Out of the 5 principles of New Media, I have identified 2 key principles that relates best to our Interactive Media Project.
The first principle I have identified is “modularity”. The modularity principle states that new media objects are object-oriented, composed of parts made up of smaller parts reminiscent of a “fractal structure”. Both are often made from independent parts which retain a measure of autonomy even if embedded in another new media object.
For this principle, our project fulfils the modularity principle as the various buttons that are connected to our bed are independent parts not directly connected to it. They are added as a separate piece which is embedded into the bed. Even when the buttons are removed, they can still serve other functions and are not built solely for our bed’s purpose.
The second principle I have identified is variability. This was a key paragraph from the reading which states that “a new media object is not something fixed once and for all, but something that can exist in different, potentially infinite versions” (pp.36). Manovich lists seven examples of variability common in contemporary new media, and also considers more foundational differences variability enables: for example, hypermedia elements and structure need not be “hardwired” as in old media. Variables replace constants, and data separated from algorithms (as in computer programming). But to some extent this variability is radically limited to selection from a group of pre-packaged forms: a concept Manovich will later expand as “selection.”
What this means is that any form of new media is not something fixed. It can exist in many different versions and it doesn’t include a structure. Variability can be found in hypertextual or interactive media where users choose different paths navigating through text, thus accessing different content. And this goes for everyone. This principle of variability assures users that their choices, thoughts and desires are unique to an individual.
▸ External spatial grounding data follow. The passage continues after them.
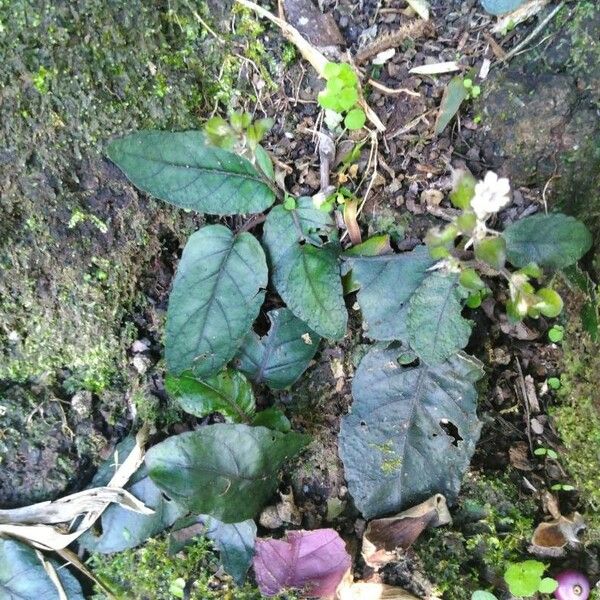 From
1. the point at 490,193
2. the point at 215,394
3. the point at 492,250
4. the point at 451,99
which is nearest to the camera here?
the point at 490,193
How this translates to our project is when users interact with the bed, thus causing the lights to react accordingly. There is no fixed variable and every user’s interaction will result in a completely different outcome. This creates a singular unique experience for each user that is tailored to their personalities and how they interact with the work. There is no structure in this and each experience is it’s own.
These are the 2 key principles I have identified from the readings that related best to our project.
The body storming process allowed us to observe a participant experiencing our installation for the first time. We could understand how they interacted with the materials presented and how to improve the overall experience. Since we gave our participant zero instructions, we could observe how she began to interact with the mattress and react to the lightbulbs.
Here is a video of the interaction:
The initial response was slower than expected as she didn’t know whether she was allowed to touch the installation. The way she played with it was not surprising. We expected our participants to respond to the lights and react in their own way, by pressing in different pressures and areas. This was encouraging to us because she reacted in a way that we wanted her to. As to understanding our intentions, she was not clear until the description was explained, which was acceptable for us.
During the discussion, she raised the point that she did not know what to do in the beginning. In a way, this was not a huge issue because we wanted the participant to explore and interact with the installation in the most comfortable and organic way possible, without any instructions. She also mentioned that she hoped that there will be different sounds and lightbulb responses each time she pressed on the mattress.
After some thought, we realised we should indicate that the participant is allowed to touch the piece somewhere on the ground below the mattress. We will also explore inputting different intensities of sound and lightbulb response depending on the pressures and positions the participants’ interaction.
I headed over to i Light 2019 the past weekend with a couple of friends & was able to view all if not most of the installations put up. After experiencing them, I have chose 2 that caught my eye to write about specifically.
#1: Halo by Michael Davis
Photo: i Light Singapore Facebook
The work consists of a ‘halos’ or what appear to be giant rings that are connected & arranged together in vertical columns. According to the official description of the piece, it is meant to represent “the never-ending flow of the present moment”. When each of these individual rings are touched, they emit patterns of light and sound. Through this participation of past, present & future visitors, the interaction of this work aims to create a link between the people who have encountered it.
Using a motion sensor of some sort on the rings, when visitors touch each of these halo rings, they produce light and emit sound. The sound produced is almost holy-like, similar to the ringing of giant bells in a Church. There is an eternal feeling with the sound. The interaction is also quite fun as the rings are placed from eye-level to a height that’s almost unreachable. It was fun looking at different guests touching them and even jumping to try to reach the other rings.
The interaction in this work helps to connect the many visitors in a fun way. It explores the grand idea of the inter-connectedness of time & how our past, present & futures could be infinitely linked but in a fun & visually pleasing installation.
#2: Squiggle by Angus Muir
Photo: Shout Facebook
Squiggle is a large scale light installation that is made out of digital neon tubing built on a custom steel framework that covers across the grounds of The Promontory of Marina Bay. The work is visually pleasing to look at and at the entrance of the installation are a few joysticks lined up together. Using the joysticks, viewers are allowed to control the flow of the lights of a certain section of the work.
Controls such as ‘forward’, ‘backward’ or the option to change the colour of the lights are meant to be an abstract reflection of the multi-cultural world we live in.